トランプ政権、中東和平で「バランス外交」転換

宇津木 柊
经过

偏重から調整へ トランプ政権の新戦略

トランプ米大統領は、イスラエルとハマスの間で戦闘休止と人質解放を含む和平案第1段階の合意をまとめた。これにより、トランプ政権は従来の「イスラエル偏重」外交から「バランス型」外交へと舵を切った。中東地域での信頼回復と安定化を狙う動きが明確になった。

カタール・エジプト・トルコの仲介が奏功

トランプ氏はSNSで「われわれとともに働いた歴史的パートナー」として、カタール、エジプト、トルコの3カ国に謝意を示した。これらの国々は、ハマスとの関係や地理的影響力を活かして和平案の策定に深く関与。特にエジプトは、交渉の現場でハマスに合意を迫る重要な役割を果たした。

イスラエルの一方的行動を抑制へ

2023年以降のガザ戦闘を通じ、イスラエルの一方的な軍事行動が地域を不安定化させてきた。特に9月のカタール空爆は、米政権の外交転換を促す契機となった。トランプ氏はその後、国連総会の場でイスラム諸国の首脳と会談し、和平の原案を提示。
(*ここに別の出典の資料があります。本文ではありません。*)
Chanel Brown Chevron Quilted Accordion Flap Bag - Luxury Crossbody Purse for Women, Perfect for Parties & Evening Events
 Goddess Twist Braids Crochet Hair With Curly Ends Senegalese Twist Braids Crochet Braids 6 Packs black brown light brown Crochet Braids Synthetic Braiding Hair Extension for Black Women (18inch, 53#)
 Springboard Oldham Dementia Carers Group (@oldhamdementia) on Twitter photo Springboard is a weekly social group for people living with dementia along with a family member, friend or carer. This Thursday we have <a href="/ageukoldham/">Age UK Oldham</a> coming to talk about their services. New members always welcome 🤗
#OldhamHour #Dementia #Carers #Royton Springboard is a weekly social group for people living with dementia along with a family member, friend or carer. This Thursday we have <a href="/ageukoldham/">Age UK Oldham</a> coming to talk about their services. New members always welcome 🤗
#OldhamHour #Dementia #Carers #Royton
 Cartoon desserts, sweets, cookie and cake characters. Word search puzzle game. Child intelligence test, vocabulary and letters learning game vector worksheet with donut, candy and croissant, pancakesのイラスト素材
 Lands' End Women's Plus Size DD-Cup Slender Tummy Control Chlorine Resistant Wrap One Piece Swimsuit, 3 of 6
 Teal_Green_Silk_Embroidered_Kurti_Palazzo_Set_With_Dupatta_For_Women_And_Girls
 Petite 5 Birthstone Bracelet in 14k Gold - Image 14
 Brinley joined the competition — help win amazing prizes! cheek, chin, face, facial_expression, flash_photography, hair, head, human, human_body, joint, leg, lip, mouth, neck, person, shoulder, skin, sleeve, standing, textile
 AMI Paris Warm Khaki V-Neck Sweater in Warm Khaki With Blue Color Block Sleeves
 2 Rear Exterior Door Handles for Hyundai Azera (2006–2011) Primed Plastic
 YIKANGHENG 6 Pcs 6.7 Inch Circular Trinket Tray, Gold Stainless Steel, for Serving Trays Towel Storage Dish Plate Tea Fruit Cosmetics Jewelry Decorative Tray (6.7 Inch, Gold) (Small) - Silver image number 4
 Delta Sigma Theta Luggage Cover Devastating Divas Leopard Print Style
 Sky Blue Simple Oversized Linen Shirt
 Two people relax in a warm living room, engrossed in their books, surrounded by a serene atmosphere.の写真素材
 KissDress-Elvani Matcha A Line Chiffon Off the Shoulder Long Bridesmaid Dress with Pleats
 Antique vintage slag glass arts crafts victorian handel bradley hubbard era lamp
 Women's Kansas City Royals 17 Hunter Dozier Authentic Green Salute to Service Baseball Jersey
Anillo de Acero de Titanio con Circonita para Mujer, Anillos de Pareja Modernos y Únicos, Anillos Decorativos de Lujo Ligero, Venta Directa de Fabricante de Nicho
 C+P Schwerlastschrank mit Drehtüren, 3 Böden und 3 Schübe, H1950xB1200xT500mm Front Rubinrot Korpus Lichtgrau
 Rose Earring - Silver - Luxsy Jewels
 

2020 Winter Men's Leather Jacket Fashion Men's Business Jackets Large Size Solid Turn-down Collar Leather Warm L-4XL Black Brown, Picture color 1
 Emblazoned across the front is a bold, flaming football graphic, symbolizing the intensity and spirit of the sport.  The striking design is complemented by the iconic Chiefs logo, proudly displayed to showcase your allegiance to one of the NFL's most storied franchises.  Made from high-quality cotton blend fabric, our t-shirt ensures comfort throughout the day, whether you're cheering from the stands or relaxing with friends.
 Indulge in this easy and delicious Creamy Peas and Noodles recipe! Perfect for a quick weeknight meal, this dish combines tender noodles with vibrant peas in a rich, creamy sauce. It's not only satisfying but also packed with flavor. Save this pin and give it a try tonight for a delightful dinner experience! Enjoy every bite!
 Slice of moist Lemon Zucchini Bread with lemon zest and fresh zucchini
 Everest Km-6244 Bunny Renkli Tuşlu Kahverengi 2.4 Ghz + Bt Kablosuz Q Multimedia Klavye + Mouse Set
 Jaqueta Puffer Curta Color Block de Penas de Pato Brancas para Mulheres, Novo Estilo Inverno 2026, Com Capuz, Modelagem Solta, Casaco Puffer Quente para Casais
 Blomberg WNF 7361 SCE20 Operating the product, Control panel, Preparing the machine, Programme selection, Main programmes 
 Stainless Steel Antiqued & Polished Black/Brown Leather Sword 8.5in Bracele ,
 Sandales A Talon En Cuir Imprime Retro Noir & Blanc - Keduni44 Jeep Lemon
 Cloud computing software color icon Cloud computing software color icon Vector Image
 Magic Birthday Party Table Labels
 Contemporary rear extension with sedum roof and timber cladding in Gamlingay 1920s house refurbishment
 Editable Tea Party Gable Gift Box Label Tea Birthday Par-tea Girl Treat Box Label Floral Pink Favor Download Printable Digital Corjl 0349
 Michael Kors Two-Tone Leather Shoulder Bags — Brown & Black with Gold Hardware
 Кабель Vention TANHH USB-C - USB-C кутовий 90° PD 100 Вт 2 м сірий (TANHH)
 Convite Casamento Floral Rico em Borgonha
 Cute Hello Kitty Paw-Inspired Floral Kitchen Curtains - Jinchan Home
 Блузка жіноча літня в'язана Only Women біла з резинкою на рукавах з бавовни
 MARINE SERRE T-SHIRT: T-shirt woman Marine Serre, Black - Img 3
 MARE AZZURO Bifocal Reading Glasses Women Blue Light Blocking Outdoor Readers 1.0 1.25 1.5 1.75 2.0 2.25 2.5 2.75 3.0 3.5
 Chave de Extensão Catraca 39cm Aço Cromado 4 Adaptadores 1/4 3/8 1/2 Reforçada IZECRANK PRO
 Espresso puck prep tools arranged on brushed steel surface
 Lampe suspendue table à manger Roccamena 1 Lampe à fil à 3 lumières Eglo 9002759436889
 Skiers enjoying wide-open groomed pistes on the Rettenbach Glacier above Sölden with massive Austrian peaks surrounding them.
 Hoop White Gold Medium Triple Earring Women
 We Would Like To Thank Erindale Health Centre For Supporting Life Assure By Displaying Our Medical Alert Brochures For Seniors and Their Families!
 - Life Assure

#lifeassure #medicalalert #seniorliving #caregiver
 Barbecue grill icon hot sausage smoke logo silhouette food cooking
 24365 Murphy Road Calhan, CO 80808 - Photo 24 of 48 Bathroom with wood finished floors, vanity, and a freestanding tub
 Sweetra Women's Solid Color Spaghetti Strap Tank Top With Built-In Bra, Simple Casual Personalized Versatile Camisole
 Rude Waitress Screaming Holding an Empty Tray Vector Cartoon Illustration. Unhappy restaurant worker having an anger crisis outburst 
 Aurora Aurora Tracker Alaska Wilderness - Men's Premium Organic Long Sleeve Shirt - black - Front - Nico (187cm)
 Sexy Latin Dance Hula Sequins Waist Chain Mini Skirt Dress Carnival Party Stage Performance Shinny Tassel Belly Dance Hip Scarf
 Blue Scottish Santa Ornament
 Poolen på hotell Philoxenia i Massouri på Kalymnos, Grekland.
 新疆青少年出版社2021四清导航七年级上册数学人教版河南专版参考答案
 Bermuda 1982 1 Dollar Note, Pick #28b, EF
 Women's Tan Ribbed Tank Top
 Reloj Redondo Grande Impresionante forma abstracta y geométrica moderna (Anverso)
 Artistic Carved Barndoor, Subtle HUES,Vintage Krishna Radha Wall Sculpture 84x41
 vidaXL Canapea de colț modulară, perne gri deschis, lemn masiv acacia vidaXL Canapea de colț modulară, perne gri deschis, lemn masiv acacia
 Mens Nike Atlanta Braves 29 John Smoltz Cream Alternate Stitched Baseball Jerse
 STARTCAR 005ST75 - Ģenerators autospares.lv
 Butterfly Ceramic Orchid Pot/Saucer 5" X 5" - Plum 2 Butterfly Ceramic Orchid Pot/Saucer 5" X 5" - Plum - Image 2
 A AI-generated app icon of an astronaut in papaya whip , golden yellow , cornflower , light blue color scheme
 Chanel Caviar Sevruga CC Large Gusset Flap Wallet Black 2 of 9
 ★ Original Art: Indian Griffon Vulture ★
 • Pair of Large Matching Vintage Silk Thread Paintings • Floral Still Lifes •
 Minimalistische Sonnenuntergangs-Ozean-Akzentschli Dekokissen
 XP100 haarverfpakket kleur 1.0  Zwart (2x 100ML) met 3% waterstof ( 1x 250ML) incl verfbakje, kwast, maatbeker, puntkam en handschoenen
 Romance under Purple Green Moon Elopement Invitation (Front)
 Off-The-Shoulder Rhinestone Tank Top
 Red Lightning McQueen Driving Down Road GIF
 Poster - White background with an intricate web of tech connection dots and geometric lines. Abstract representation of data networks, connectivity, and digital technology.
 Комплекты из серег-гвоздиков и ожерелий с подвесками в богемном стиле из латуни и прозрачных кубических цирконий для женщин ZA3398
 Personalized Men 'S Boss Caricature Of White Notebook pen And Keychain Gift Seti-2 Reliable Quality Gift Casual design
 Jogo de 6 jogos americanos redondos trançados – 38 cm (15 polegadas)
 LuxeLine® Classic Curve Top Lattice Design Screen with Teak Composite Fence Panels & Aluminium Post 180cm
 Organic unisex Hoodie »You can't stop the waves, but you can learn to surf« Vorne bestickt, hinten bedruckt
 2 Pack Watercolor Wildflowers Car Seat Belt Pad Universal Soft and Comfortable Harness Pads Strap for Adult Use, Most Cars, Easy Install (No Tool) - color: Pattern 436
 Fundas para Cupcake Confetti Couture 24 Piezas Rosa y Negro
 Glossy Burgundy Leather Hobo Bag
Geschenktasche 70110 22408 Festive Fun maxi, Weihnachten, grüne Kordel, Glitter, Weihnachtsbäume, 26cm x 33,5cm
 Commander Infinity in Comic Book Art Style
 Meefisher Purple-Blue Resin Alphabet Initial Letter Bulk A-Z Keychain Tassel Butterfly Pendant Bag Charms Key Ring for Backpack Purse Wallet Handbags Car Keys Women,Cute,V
イスラエル側に修正案を突き付ける強硬姿勢を見せた。

ネタニヤフ政権との距離と再調整

トランプ氏は、イスラエルのネタニヤフ政権と距離を置き、連立内の極右勢力が求めるヨルダン川西岸併合を明確に否定した。これにより、イスラエルとアラブ諸国の両方に配慮する外交方針を打ち出し、トランプ政権の「調整型外交」が鮮明となった。

恒久和平への持続的関与が焦点に

今回の合意は「入り口」にすぎず、停戦維持や恒久的和平には米国の長期的関与が不可欠である。トランプ氏の外交姿勢が一貫して維持されるかどうかが、今後の中東情勢の安定を左右する。バランス外交への転換が成功するか、国際社会の注目が集まっている。